# Exercise aim
Filter out all lines without the word "House" from the data below, please, and copy the rest.

[Short descriptive text snippets]

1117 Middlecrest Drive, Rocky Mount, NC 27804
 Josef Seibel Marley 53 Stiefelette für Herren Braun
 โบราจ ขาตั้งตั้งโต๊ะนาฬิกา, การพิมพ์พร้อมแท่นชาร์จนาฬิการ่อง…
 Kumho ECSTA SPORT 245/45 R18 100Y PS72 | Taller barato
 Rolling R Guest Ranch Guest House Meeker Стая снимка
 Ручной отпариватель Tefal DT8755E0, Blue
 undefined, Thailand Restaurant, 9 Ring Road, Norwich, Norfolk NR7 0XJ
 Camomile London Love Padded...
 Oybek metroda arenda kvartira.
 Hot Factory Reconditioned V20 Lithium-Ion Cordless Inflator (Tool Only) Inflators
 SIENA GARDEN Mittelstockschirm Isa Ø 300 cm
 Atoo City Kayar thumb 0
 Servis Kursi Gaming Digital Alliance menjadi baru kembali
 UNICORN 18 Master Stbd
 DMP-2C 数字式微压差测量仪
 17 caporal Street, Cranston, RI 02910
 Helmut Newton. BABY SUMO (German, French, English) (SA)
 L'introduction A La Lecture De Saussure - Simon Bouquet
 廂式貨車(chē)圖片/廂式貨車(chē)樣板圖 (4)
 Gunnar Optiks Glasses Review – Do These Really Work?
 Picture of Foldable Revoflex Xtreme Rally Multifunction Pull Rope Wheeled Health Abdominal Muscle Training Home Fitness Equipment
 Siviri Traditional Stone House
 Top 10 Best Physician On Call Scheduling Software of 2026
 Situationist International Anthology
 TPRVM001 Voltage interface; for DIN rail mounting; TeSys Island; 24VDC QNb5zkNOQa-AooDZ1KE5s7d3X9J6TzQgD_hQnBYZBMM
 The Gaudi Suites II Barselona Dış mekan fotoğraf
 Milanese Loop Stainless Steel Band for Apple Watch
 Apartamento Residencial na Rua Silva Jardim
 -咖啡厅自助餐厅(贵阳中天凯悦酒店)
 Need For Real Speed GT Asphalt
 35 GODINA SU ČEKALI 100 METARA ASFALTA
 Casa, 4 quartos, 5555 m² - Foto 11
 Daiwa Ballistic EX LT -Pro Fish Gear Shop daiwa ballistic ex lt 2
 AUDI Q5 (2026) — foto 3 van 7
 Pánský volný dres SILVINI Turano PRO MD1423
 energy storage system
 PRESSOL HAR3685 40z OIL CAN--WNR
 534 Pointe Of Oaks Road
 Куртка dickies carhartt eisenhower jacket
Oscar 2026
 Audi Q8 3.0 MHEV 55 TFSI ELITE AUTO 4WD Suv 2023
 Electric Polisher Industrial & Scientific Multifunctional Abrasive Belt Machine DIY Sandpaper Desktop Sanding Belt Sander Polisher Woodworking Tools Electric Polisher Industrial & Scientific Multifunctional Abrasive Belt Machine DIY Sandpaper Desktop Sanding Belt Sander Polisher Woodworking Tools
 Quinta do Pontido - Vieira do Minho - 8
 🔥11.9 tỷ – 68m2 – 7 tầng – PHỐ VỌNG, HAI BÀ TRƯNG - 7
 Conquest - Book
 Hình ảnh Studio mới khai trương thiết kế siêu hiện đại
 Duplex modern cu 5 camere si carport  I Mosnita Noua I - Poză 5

# Written answer
 Rolling R Guest Ranch Guest House Meeker Стая снимка
 Siviri Traditional Stone House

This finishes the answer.